L’unité des travailleurs est essentielle pour lutter contre la menace de guerre
Des tremblements de terre politiques et économiques se préparent à l’échelle mondiale alors que les forces de l’impérialisme américain et chinois passent d’un état de coopération à une concurrence ouverte. Alors que ces forces entrent en collision, l’onde de choc se propage dans le monde entier et désorganise, perturbe et réorganise les relations entre différentes puissances impérialistes. L’épicentre de cette perturbation est actuellement l’Ukraine.

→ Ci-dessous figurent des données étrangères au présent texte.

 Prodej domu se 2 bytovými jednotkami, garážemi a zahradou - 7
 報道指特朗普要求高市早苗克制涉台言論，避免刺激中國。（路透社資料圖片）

Par Социалистическая Aльтернатива (Sotsialisticheskaya Alternativa, ASI-Russie)
Bien que les deux parties affirment ne pas vouloir de conflit, les impérialismes américain et russe s’affrontent, attisant la folie guerrière à un tel point que la loi des conséquences involontaires pourrait déclencher une guerre chaude, dont l’ampleur potentielle n’aura pas été vue en Europe depuis la Seconde Guerre mondiale. Au milieu de tout cela, le peuple ukrainien est traité comme un pion, son destin étant décidé par des forces indépendantes de sa volonté. Ce sont les travailleurs et les pauvres d’Ukraine, et des pays impérialistes qui perdront leurs vies, leurs maisons et leurs moyens de subsistance en conséquence de cette guerre inutile.

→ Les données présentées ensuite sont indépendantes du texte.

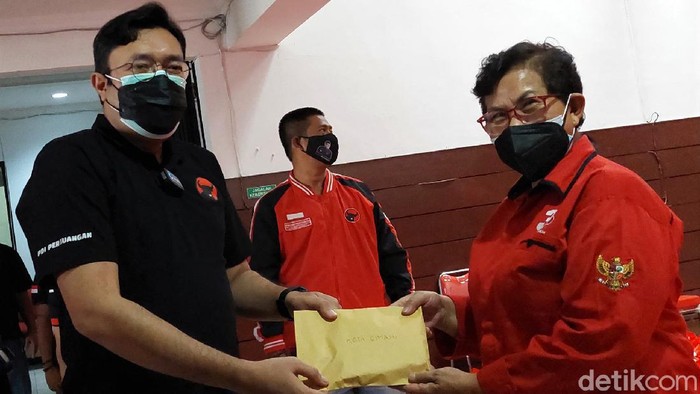 Ratusan bansos disalurkan dari Kantor DPD PDI Perjuangan Jabar ke 27 kabupaten kota di Jawa Barat. Bantuan diberikan untuk bantu warga yang terdampak pandemi.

Alternative Socialiste Internationale (ASI, dont le PSL/LSP est la section belge) s’oppose totalement aux plans des vautours impérialistes et appelle à la construction d’un mouvement anti-guerre de masse reposant sur la solidarité entre travailleurs d’Ukraine, des Etats-Unis et de Russie.

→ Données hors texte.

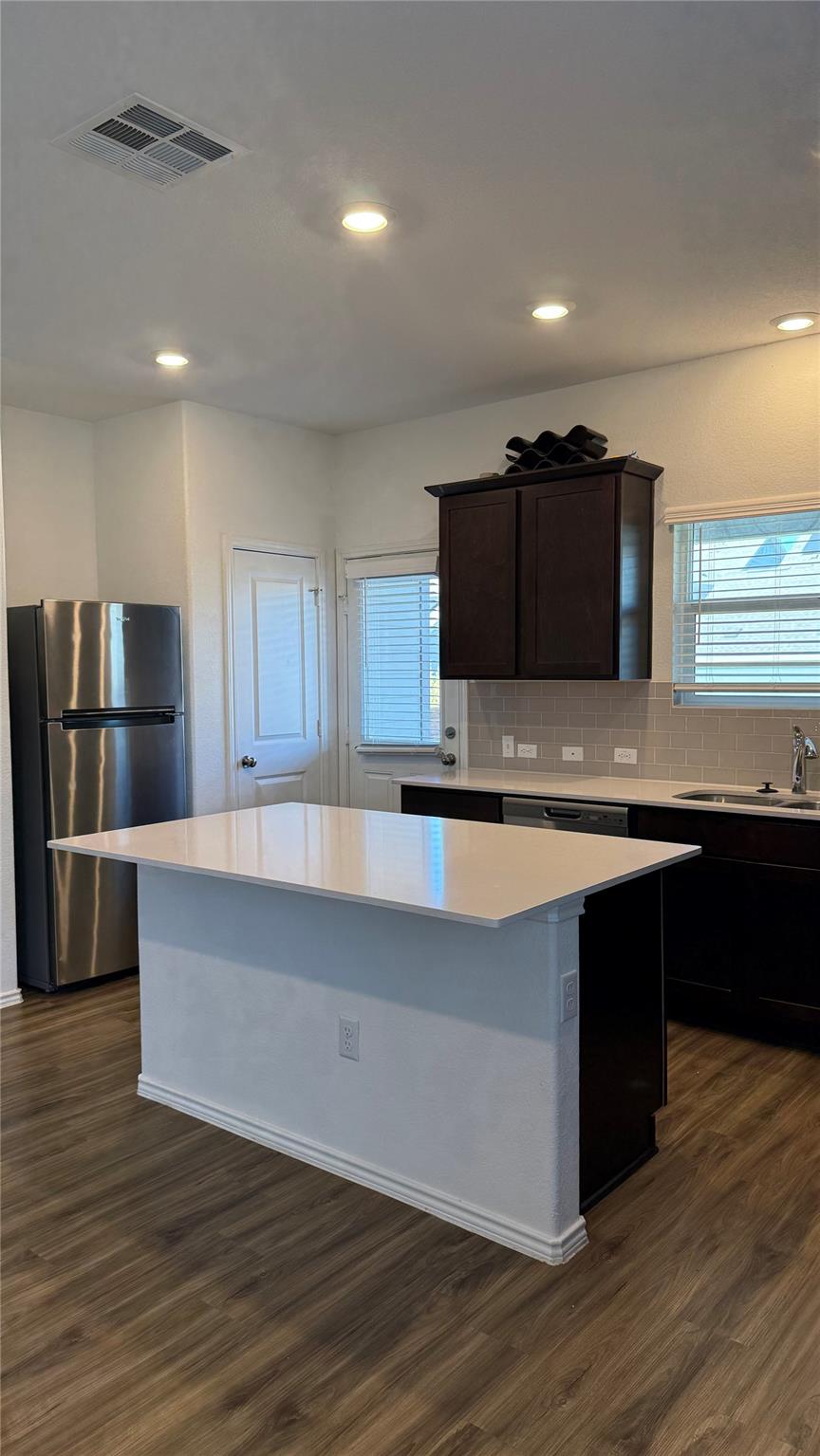 125 Madrid, Kyle, TX 78640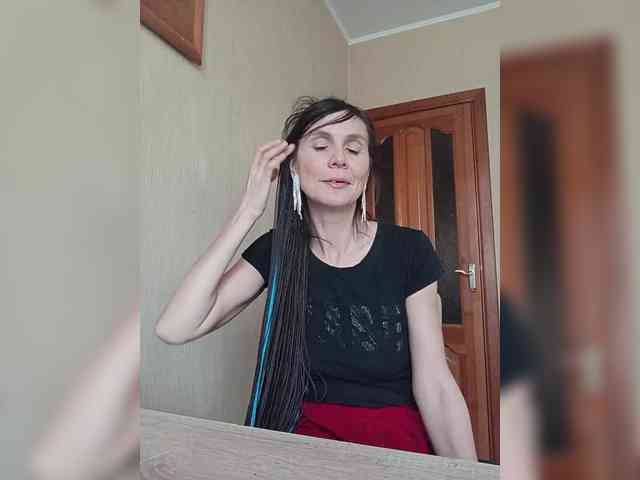 Hellenalonenochka webcam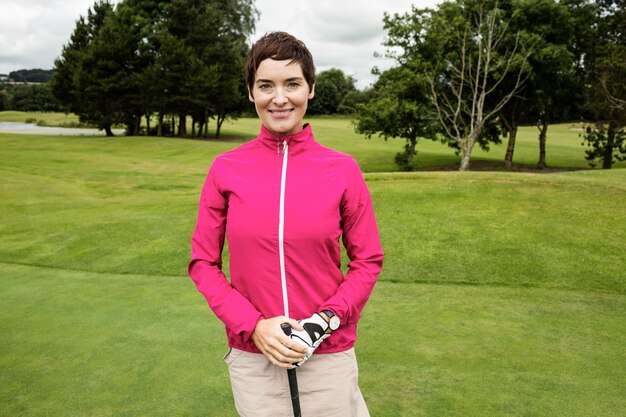 Femme, debout, golf, club, golf, cours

En Ukraine, les bellicistes soulignent que l’invasion est imminente. L’ancien chef des forces spéciales ukrainiennes, Sergey Krivonos, a affirmé à la télévision centrale que des plans sont en cours d’élaboration pour faire venir des milliers de parachutistes russes dans les aéroports autour de Kiev afin de s’emparer de la ville. L’ancien président Porochenko estime que l’attaque consistera en des missiles balistiques “Iskander” tirés depuis la mer et au-delà de la frontière pour détruire les principaux actifs ukrainiens. Le président Zelensky voit les envahisseurs faire entrer les chars par Kharkov. Des témoins oculaires rapportent que les aéroports de fret ukrainiens connaissent une augmentation massive des vols, tandis que dans les parcs des villes, des forces volontaires sont entraînées au combat.
Ces derniers jours, peut-être pour calmer la population, des voix plus sobres se sont élevées à Kiev. Après l’évacuation largement médiatisée des familles des diplomates américains, britanniques et australiens de Kiev, une réunion d’urgence du “Conseil pour la sécurité nationale et la défense” de l’Ukraine a été convoquée. Lors du point de presse, son secrétaire Aleksey Danilov a déclaré : « Nous ne voyons aujourd’hui aucune base pour confirmer une invasion à grande échelle. Il est impossible que cela se produise, même physiquement (…) Aujourd’hui, nous pouvons voir (aux frontières de l’Ukraine) environ 109.000 soldats. Nous voyons environ 10 à 11 000 “convois”, des forces d’escorte. Si nos partenaires pensent qu’il s’agit d’une forte augmentation du nombre de troupes, pour nous, ce n’est pas nouveau. Une augmentation de 2 à 3.000 hommes n’est pas critique. »
Sur ICTV également, le ministre ukrainien de la Défense, Aleksey Reznikov, a déclaré : « Aujourd’hui, à l’heure actuelle, pas une seule force de frappe des forces armées de la Fédération de Russie n’a été formée, ce qui confirme qu’elles ne préparent pas une attaque imminente. » Il a comparé la situation à celle d’avril dernier, ajoutant qu’il n’accordait pas une grande importance à l’idée qu’une attaque aurait lieu le 20 février.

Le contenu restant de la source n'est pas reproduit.